§ Exercise goal: Where in the records does the word "Premium" appear? Copy each line that holds it.

Stored items:
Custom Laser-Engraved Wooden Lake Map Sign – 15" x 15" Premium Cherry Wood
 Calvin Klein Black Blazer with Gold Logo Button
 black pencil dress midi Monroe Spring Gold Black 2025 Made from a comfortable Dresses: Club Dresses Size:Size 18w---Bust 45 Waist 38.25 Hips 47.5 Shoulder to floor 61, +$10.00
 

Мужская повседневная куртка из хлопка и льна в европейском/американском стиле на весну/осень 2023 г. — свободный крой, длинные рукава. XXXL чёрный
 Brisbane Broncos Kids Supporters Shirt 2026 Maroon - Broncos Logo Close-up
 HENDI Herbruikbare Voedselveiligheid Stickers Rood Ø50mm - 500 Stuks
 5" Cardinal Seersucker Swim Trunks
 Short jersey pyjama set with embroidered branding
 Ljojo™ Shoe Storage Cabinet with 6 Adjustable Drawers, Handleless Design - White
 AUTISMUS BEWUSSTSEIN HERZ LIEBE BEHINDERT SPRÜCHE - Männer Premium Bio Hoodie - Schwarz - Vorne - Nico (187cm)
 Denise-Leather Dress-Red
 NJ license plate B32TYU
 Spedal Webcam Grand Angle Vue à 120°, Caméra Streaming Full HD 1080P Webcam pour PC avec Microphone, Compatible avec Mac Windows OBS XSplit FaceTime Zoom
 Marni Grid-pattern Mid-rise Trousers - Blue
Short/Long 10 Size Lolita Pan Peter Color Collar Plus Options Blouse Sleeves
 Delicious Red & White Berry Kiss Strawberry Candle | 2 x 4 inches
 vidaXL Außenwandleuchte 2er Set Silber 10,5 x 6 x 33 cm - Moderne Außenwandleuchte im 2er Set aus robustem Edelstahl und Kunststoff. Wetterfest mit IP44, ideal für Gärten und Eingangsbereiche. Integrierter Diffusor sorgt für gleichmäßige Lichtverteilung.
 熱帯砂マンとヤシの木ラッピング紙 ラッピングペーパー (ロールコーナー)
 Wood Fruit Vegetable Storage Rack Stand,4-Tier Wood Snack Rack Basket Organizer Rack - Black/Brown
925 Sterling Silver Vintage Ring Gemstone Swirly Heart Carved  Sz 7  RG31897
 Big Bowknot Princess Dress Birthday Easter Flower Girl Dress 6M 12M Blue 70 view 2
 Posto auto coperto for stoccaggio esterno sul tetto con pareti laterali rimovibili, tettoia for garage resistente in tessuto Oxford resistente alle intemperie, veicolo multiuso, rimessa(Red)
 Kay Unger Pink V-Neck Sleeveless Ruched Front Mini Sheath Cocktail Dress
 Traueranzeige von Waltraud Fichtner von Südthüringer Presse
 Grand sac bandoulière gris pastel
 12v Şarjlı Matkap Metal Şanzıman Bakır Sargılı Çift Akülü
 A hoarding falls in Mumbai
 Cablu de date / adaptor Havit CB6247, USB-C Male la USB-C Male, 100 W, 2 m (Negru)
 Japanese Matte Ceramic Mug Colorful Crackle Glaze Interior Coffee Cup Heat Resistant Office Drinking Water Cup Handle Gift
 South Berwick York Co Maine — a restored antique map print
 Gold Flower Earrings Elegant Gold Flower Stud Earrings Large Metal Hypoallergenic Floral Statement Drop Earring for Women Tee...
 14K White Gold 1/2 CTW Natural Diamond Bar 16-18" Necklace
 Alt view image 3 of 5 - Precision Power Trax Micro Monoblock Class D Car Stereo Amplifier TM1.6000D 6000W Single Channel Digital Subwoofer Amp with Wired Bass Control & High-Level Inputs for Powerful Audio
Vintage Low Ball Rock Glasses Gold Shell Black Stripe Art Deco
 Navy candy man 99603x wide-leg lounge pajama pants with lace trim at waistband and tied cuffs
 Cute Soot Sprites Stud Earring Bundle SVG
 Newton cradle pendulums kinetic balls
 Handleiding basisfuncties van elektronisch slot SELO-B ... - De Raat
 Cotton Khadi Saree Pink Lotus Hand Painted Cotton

§ Answer to this task:
Custom Laser-Engraved Wooden Lake Map Sign – 15" x 15" Premium Cherry Wood
 AUTISMUS BEWUSSTSEIN HERZ LIEBE BEHINDERT SPRÜCHE - Männer Premium Bio Hoodie - Schwarz - Vorne - Nico (187cm)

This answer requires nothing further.